Tuvia-Craig, lo 007 partigiano, è affiancato dai fratelli Zus e Asael che si cimentano nelle imprese più temerarie, magari patiscono l’umanità ingombrante che devono trascinarsi dietro, ma infine ne riconoscono il valore: restare dei giusti, assetati di vendetta ma senza ridursi alla ferocia animale perché il rabbino, l’intellettuale, soprattutto le donne al seguito li obbligano a preservare la dignità. Qui la sceneggiatura hollywoodiana alterna i colpi di scena tipici di un film d’azione ai riferimenti tradizionali. Tuvia Beiski diventa un Mosè consapevole del fatto che Dio non separerà le acque della palude-Mar Rosso se l’uomo non provvederà con coraggio, e se il forte non sorreggerà il debole. Al rabbino tocca sfiorare l’incredulità e invocare il Signore: “Eleggiti un altro popolo, riprenditi il dono della nostra santità, amen”. Prima che il miracolo della resistenza faccia sopravvivere 1200 ebrei tra la neve il fango e i lupi per tre interminabili anni, mentre intorno si consumava la cancellazione quasi totale del loro popolo. Un miracolo tale da risultare per decenni non raccontabile. I suoi protagonisti non chiesero mai un riconoscimento pubblico e gli stessi fratelli Tuvia e Zus Beiski hanno poi condotto un’esistenza modesta tra Israele e gli Stati Uniti.
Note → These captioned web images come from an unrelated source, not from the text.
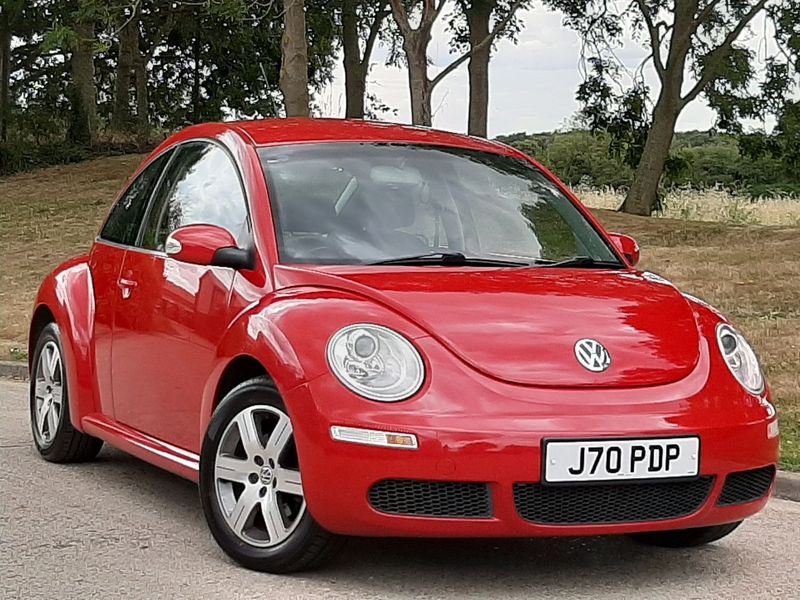VOLKSWAGEN BEETLE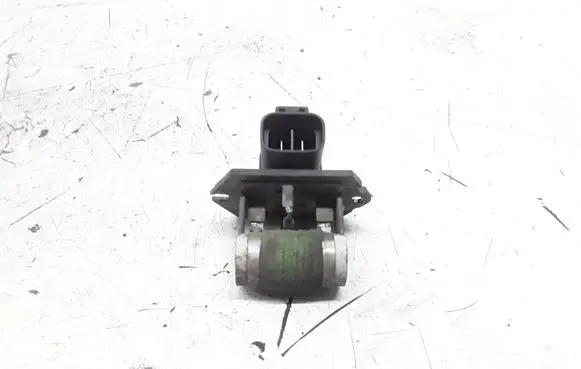 Coolant fan relay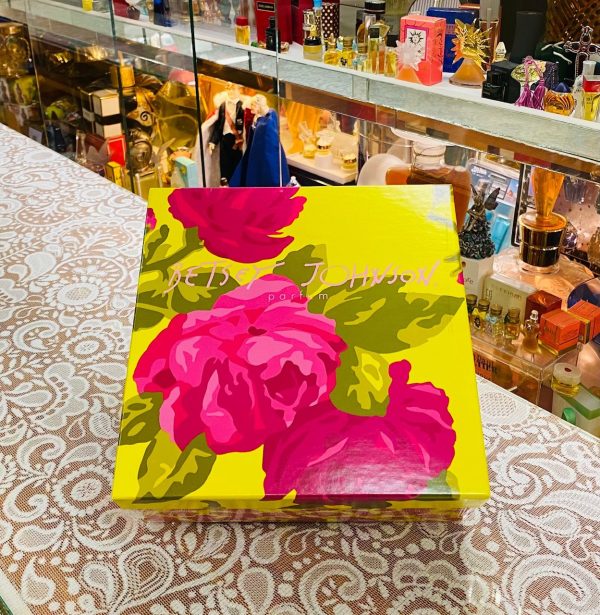 Betsey Johnson Set Perfume en Body Lotion Perfumes Of The Past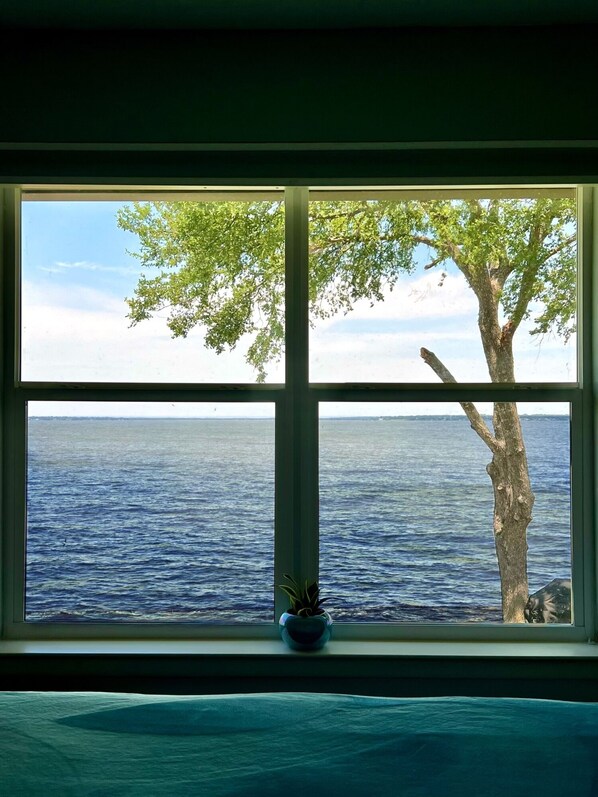 3 makuuhuonetta, silitysrauta/-lauta, ilmainen Wi-Fi, vuodevaatteet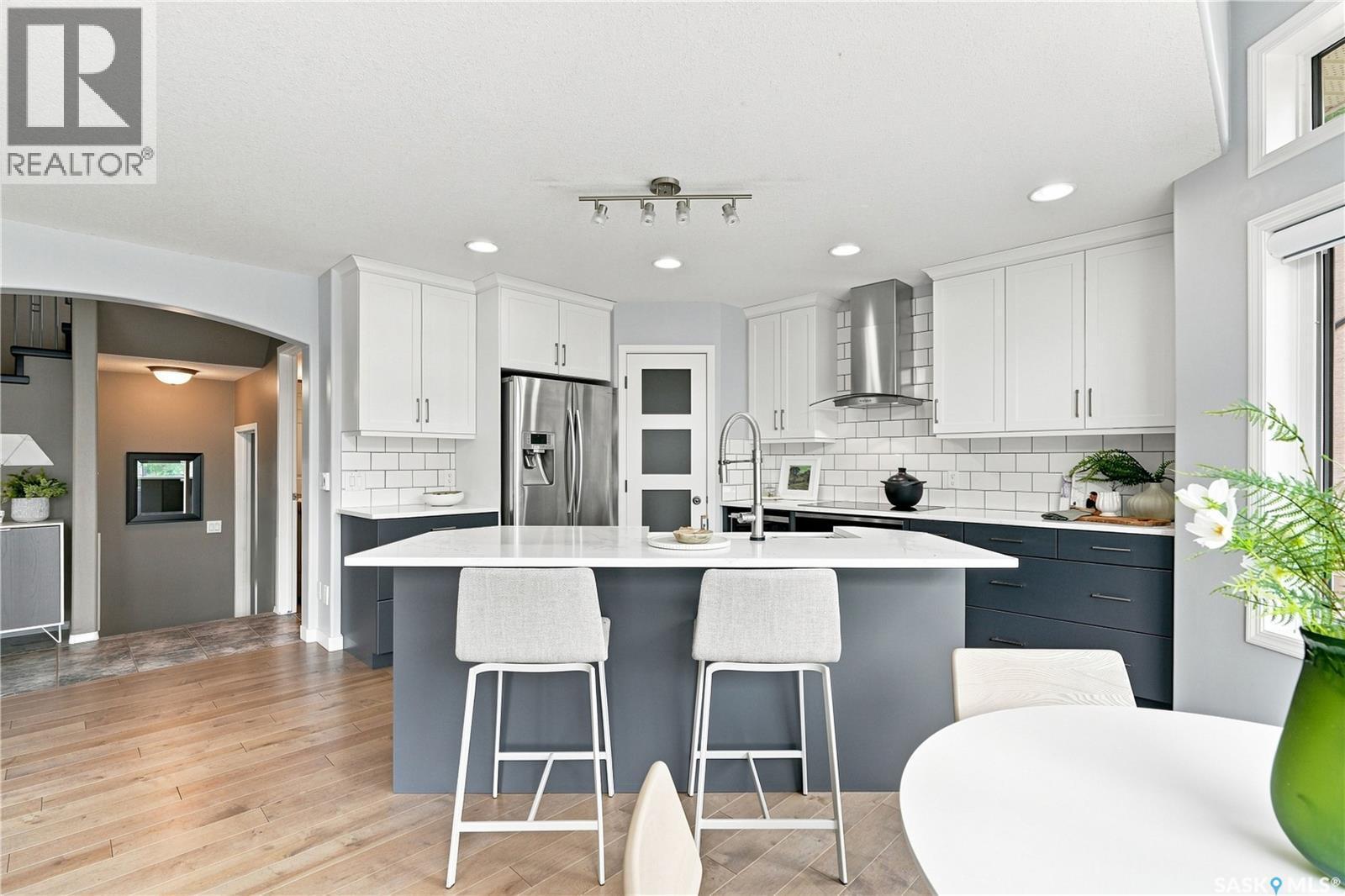 311 Lashyn Cove, Saskatoon, SK - Indoor Photo Showing Kitchen With Stainless Steel Kitchen With Upgraded Kitchen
La faticosa elaborazione del ricordo della Shoah ha impiegato tutti questi anni per generare il film sull’ebreo combattente che pure è stato una realtà storica molto più diffusa di quanto si pensi. Prima che il regista Edward Zwick potesse osare un’opera così appassionante e popolare, bisognava che si realizzassero molti passaggi culturali. Israele doveva accettare che l’ebreo diasporico non era necessariamente un debole cui dare rifugio nella sua nuova terra. Ha vinto un indicibile disagio (disprezzo?) per i sopravvissuti che sbarcavano a Haifa senza certo essere in grado di combattere. Li ha riscattati solo in parte attraverso la celebrazione degli eroi della rivolta del ghetto di Varsavia, coraggiosi ma tragicamente sconfitti. Poi c’è voluto Spielberg, con “Schindler’s List” per recuperare l’idea del salvataggio come epopea, un successo straordinario che però ha suscitato le critiche di quanti ricordavano come i sommersi siano infinitamente più dei salvati.
Legittimata così l’epopea del salvataggio possibile, è venuto il momento di onorare la brigata Bielski con il linguaggio pop e con le tecniche della suspense, effetti speciali e montaggio d’azione mozzafiato.
Chi lo avrebbe mai detto: “Il mio nome è Bielski, Tuvia Bielski”.